Spoilers for Resurrection Man: Quantum Karma #1 past this point.
The first issue of DC Comics‘s Resurrection Man: Quantum Karma is now on stands, and alongside the reintroduction of the cult classic title character, we’re also getting a twisted new villain: Gashadokuro, a cannibal who cannot die, and lives to consume the flesh of our hero, Mitch Shelley.
“He is very much the antagonist in these first few issues, but maybe he falls past that role as the story goes on,” writer Ram V told Comic Book Club on the baddie. “He is diametrically opposite in all those functional ways. He’s also diametrically opposite in a philosophical sense, in that the reason he consumes is because he’s trying to not be himself.
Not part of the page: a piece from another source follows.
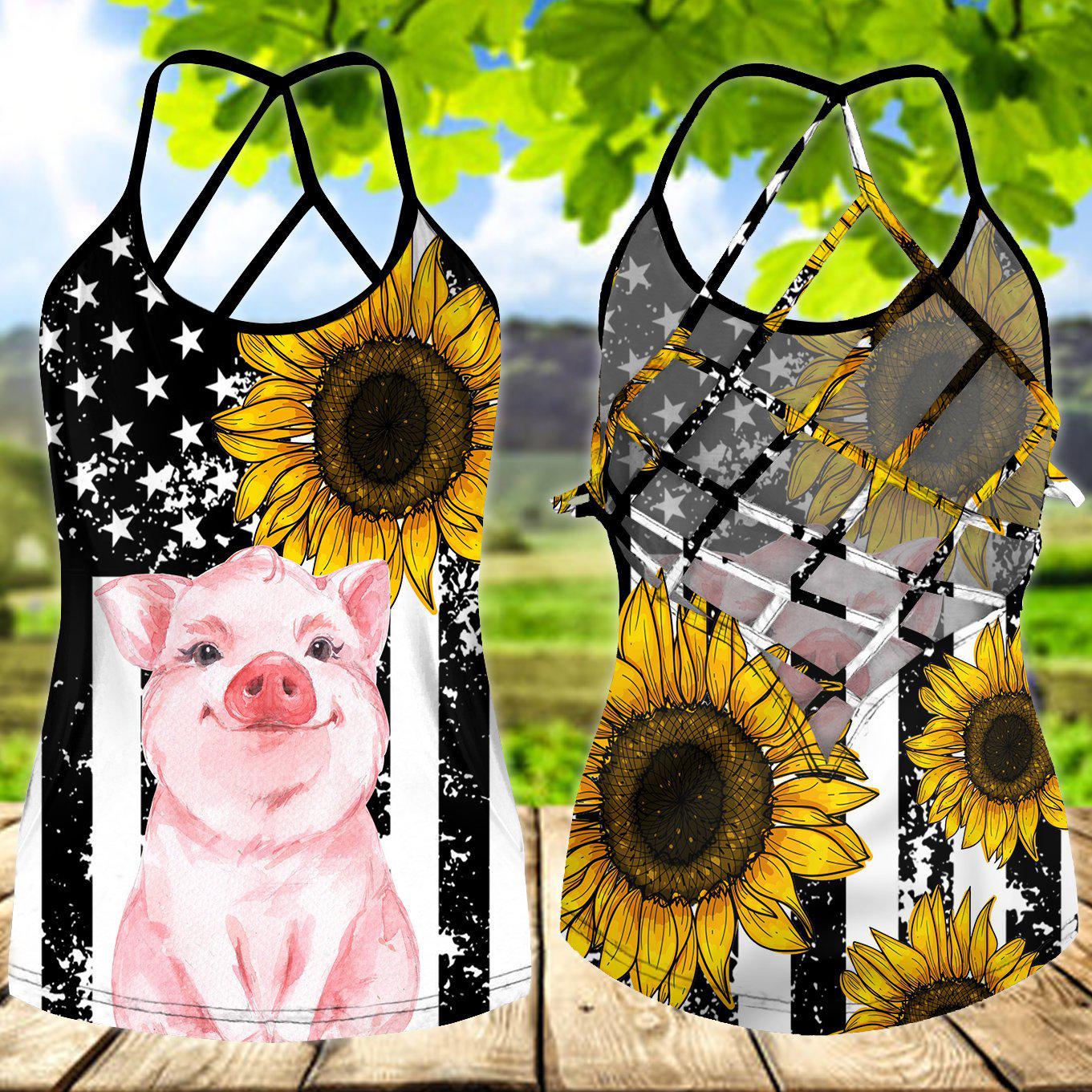 Pig Farm Style Limited Edition 1 – Hollow Tank Top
He’s trying to blur the boundary between his self and someone else.”
In the first issue of the Black Label series, Gashadokuro is introduced as the head of a death camp holding Shelley — and others — prisoner. He ends up eating Shelley as part of a ritual to infuse himself with the power of his enemies… Not realizing Shelley has the power to die, and come back with a new superpower himself. While the act of cooking and eating the title character does indeed resurrect the Resurrection Man, it also leads to a massive fire that costs Gashadokuro most of his body… But also makes him functionally immortal.
While Gashadokuro will continue to plague Mitch Shelley throughout time, Ram V isn’t interested in making him a generic cannibal villain. Instead, he wants you to see him as an opposing philosophical viewpoint to Shelley, who is wrestling with his own immortality in the series.
“There’s this part in issue one where he talks about his father’s opinion of him as a child because he was a sickly boy, and his father didn’t want to be seen as someone who would give birth to a sickly child,” Ram V continued. “And so I think that taints his view of his relationships, his yearning for power and humanity. Whereas from Mitch’s perspective, as you correctly point out, his inherent reason for existence is so selfless.
“So on one end, you have this person utterly convinced of their need for eternal life and consumption. On the other end, you have this person utterly and convinced about their role as a hero. And I think those are fascinating characters to put next to each other, especially given how things end, fascinating characters to watch as they travel across all of the history of the DCU and end up at a point in time where maybe there isn’t that much of a difference.”
Resurrection Man: Quantum Karma #1 is in stores now from DC Comics.